On compte entre 20 et 25 loups dans les Hautes-Fagnes. À Heusy, près de Verviers, un loup a récemment attaqué 2 moutons. Une présence près de la ville qui peut surprendre mais qui s'explique.
À Heusy, le réveil a été brutal pour Marie-Renée. En venant nourrir ses moutons nains d'Ouessant voilà 2 semaines, elle découvre que 2 de ses bêtes ont été attaquées.
"J'ai trouvé une de mes bêtes qui était tuée, l'autre éventrée. C'est très interpellant quand même. Je n'ai jamais pensé que ça pouvait arriver chez moi, mais d'un autre côté, j'habite près de la ville et aussi près de la campagne. C'est donc l'avantage d'habiter près de la campagne, mais c'est aussi l'inconvénient, c'est de vivre avec la nature".
Une attaque typique du loup
Les analyses ADN viennent de confirmer qu'il s'agit bien d'un loup. Le mode opératoire était déjà révélateur.
« On voit la marque des crocs dans la gorge. Le loup tue sa proie en une seule morsure à la gorge, en sectionnant la trachée. Une fois que le mouton est mort étouffé, il ouvre la cage thoracique en broyant les côtes. Il a énormément de force dans la mâchoire. », explique Fabrice Dessart, garde-forestier et Correspondant loup au cantonnement de Verviers pour le DNF.
Présent près des habitations
L’attaque interpelle aussi par sa localisation : les habitations sont proches, et l’enclos est entouré d’une clôture.

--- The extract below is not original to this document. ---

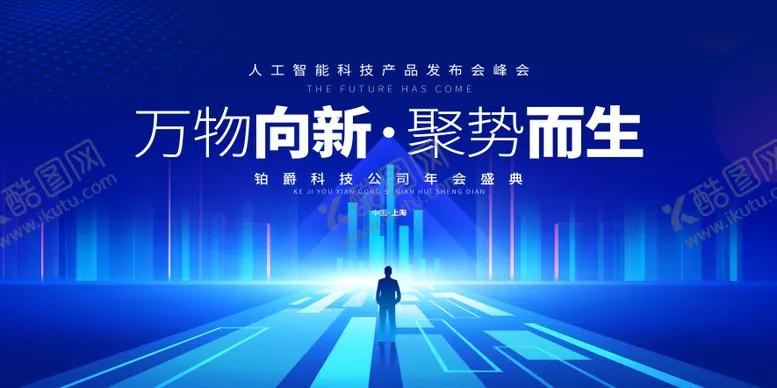 编号：84658006142244569990【酷图网】源文件下载-蓝色时尚潮流背景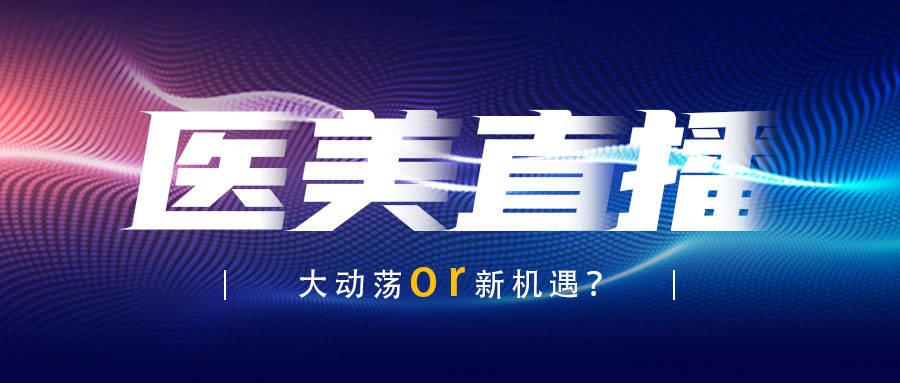 3D直播开奖，重塑彩票体验的未来趋势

Cette attaque s'inscrit dans une série. Entre fin 2025 et janvier 2026, le loup s'est manifesté par 5-6 attaques de troupeaux dans la région de Goé, Andrimont, Membach, Bilstain, Plombières. Un autre loup, probablement, les analyses doivent le confirmer, serait impliqué ici à Heusy, 2 jours après à Stembert, puis Membach et avant-hier, à nouveau à Stembert. Une présence près de la ville qui peut surprendre mais qui s'explique, en pleine période de reproduction...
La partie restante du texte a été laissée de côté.